Material supplied —
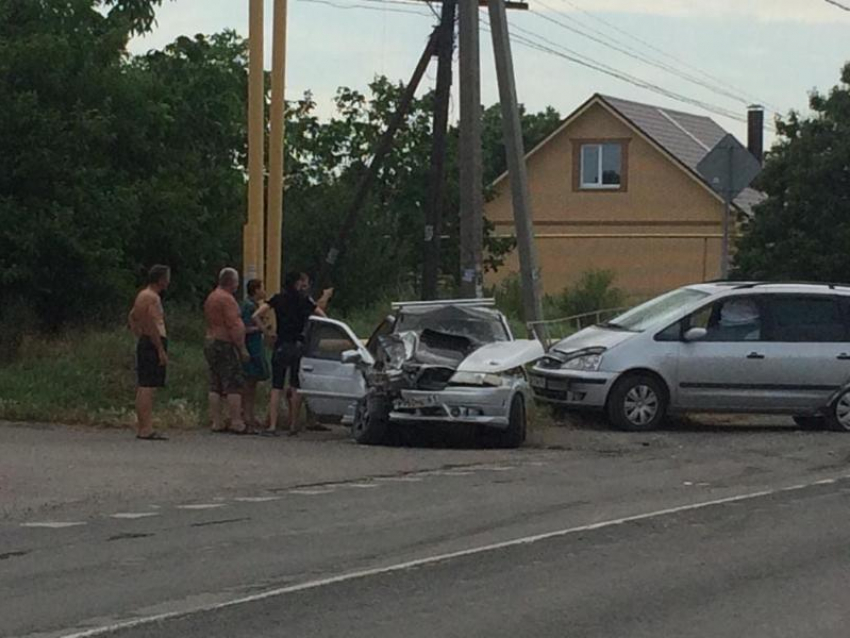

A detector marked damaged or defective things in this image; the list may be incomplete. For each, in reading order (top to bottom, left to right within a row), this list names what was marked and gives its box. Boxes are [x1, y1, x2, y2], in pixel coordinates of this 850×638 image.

crumpled white car [294, 302, 540, 448]
damaged hood [454, 340, 540, 376]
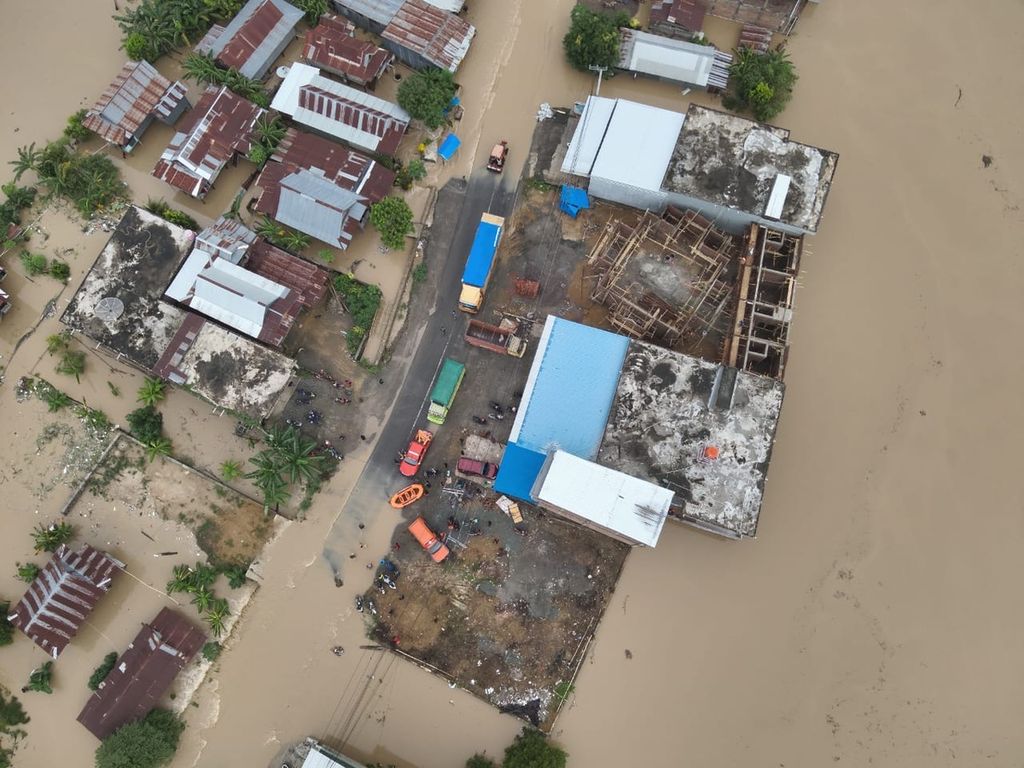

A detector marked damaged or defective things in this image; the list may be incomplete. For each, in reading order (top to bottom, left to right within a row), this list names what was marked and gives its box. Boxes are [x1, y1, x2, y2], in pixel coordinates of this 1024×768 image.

rusty roof [206, 0, 303, 78]
rusty roof [301, 13, 393, 83]
rusty roof [380, 0, 475, 73]
rusty roof [651, 0, 708, 32]
rusty roof [83, 60, 188, 148]
rusty roof [152, 86, 266, 199]
rusty roof [253, 126, 393, 246]
rusty roof [9, 544, 123, 659]
rusty roof [76, 610, 205, 741]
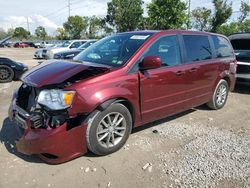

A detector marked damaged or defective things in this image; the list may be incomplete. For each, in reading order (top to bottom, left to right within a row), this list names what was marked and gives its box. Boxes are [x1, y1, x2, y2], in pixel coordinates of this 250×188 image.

crumpled hood [22, 59, 110, 87]
broken headlight [37, 89, 75, 110]
damaged front bumper [8, 94, 88, 164]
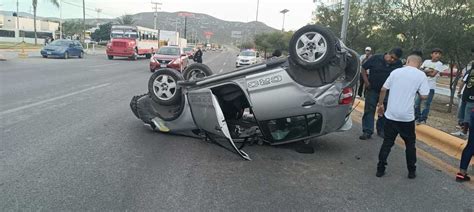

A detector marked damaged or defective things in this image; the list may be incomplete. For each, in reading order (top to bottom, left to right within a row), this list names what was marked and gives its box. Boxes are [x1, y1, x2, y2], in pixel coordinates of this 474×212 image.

overturned silver car [130, 24, 360, 160]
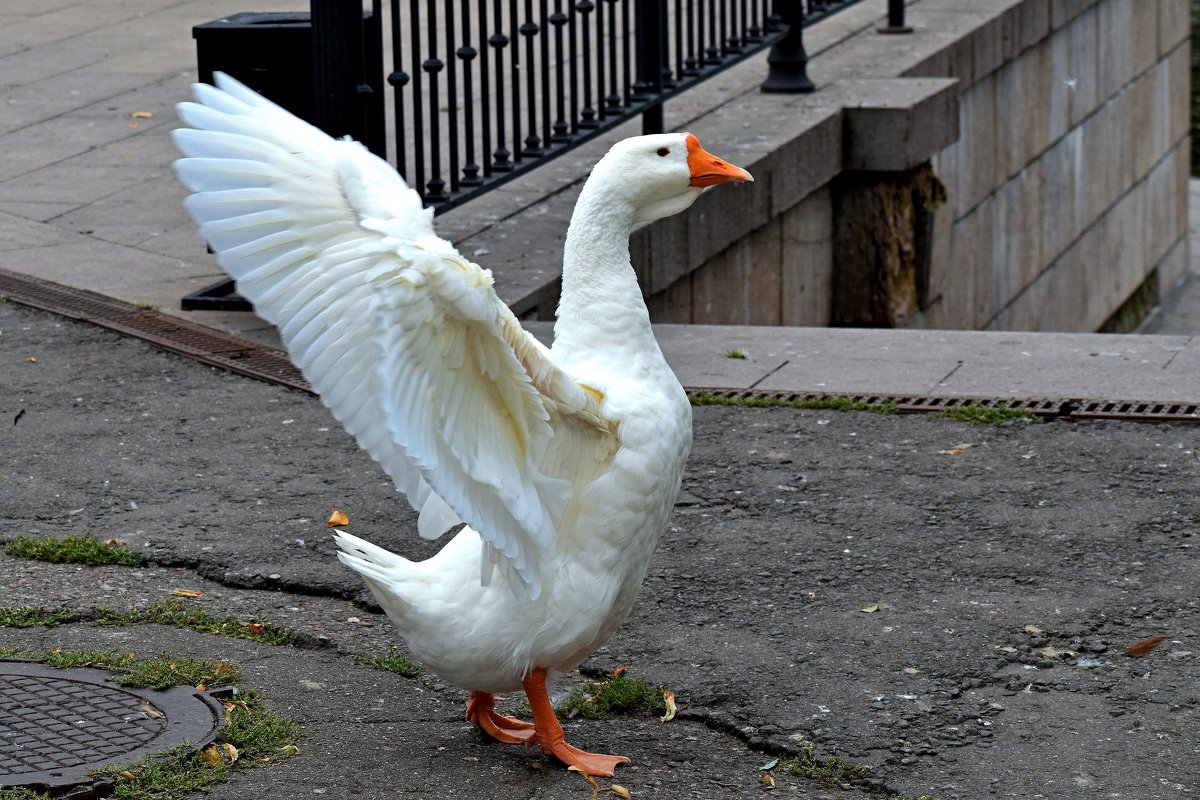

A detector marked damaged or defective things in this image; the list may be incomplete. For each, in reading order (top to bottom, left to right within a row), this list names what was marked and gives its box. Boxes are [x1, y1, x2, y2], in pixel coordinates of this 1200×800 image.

cracked pavement [2, 302, 1200, 800]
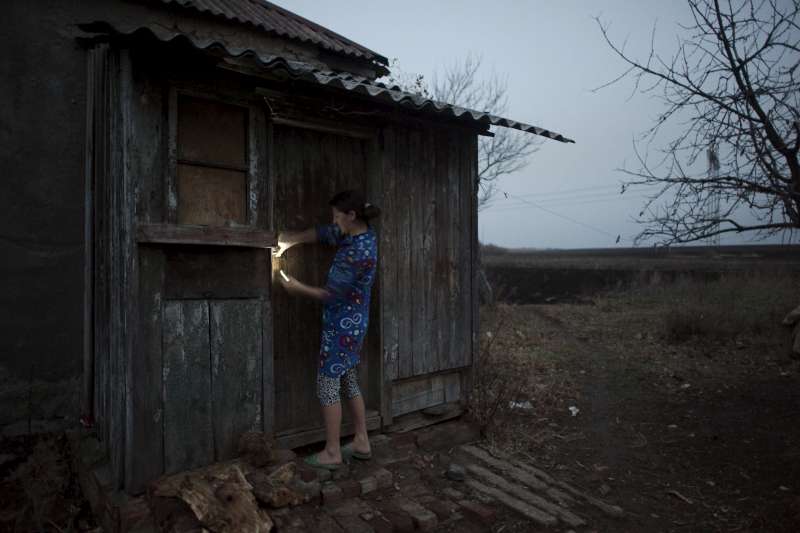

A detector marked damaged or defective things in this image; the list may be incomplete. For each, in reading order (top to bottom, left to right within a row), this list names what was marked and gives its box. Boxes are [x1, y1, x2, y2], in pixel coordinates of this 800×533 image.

rusty roof edge [90, 22, 572, 142]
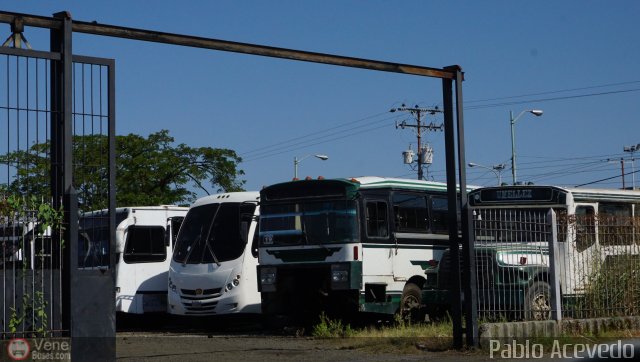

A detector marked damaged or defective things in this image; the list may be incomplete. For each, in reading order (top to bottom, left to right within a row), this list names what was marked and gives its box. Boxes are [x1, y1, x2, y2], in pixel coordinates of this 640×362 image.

abandoned bus [78, 206, 188, 314]
abandoned bus [170, 194, 262, 316]
abandoned bus [255, 176, 470, 322]
abandoned bus [428, 187, 640, 320]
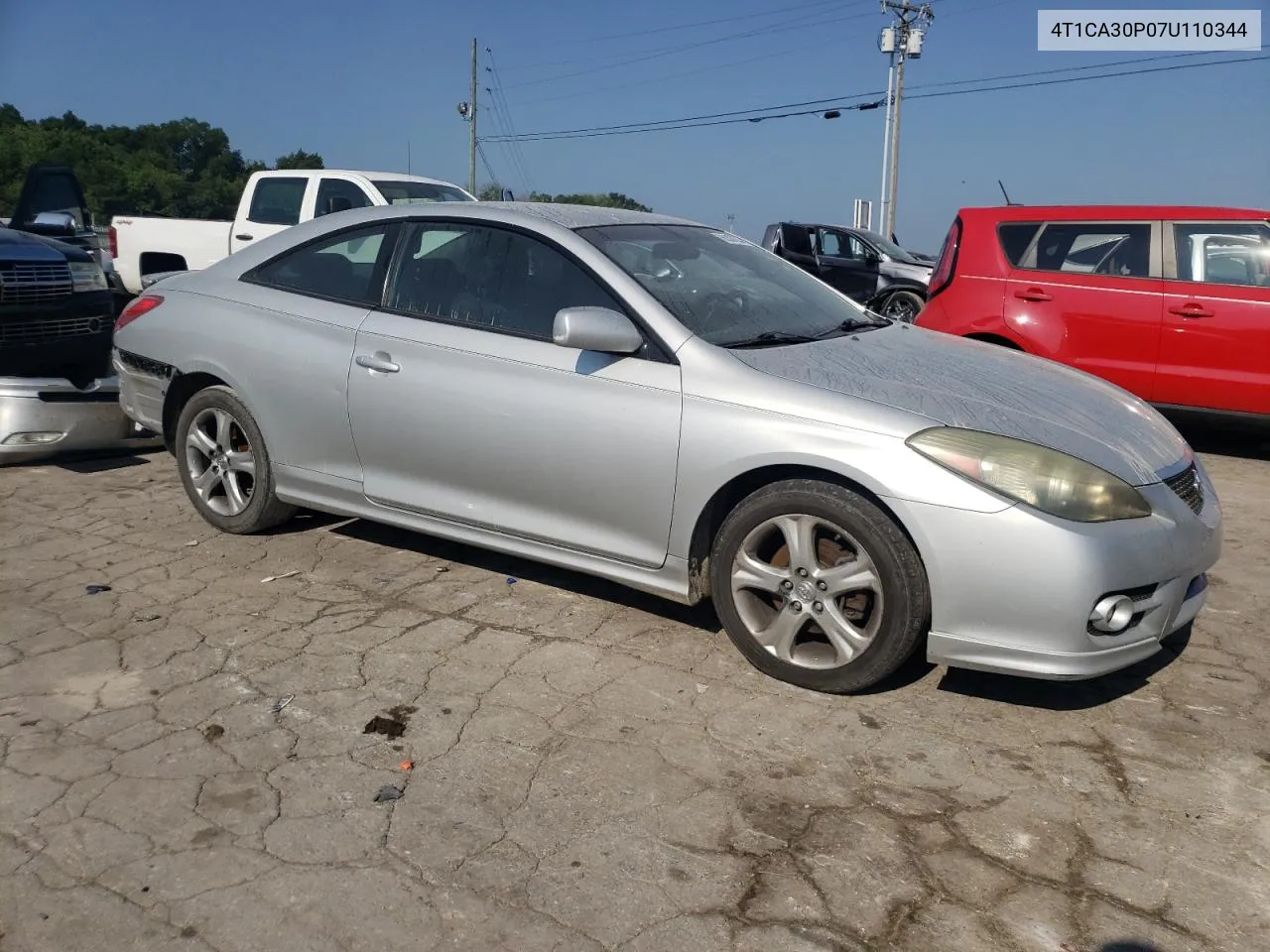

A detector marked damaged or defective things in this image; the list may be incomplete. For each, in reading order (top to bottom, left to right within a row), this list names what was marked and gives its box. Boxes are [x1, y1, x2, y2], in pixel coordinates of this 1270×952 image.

cracked concrete lot [0, 441, 1264, 952]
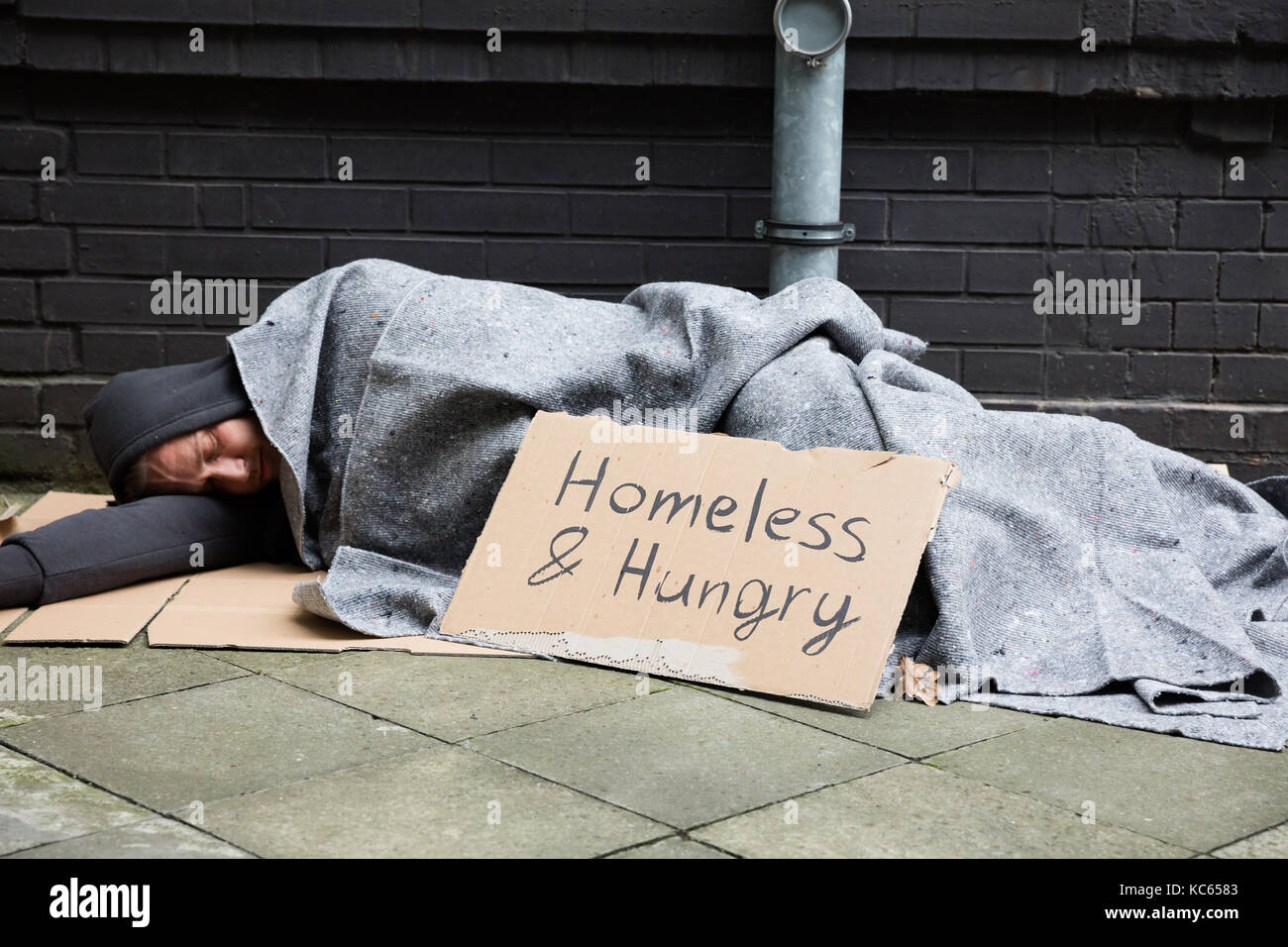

Problem description — From the line containing "this 1270×952 image." down to the last line of the records above, repeat every line exactly and nothing else, dropping any pictures.

Output —
A detector marked damaged or defective things in this image; the list may be incomplete. For each, in reading order (top to bottom, left to right within a row), this list names what was marked and gives its box. Boxes are [x1, y1, x2, y2], in pixel coordinates of this 1270×952 image.

cracked concrete lot [0, 441, 1264, 952]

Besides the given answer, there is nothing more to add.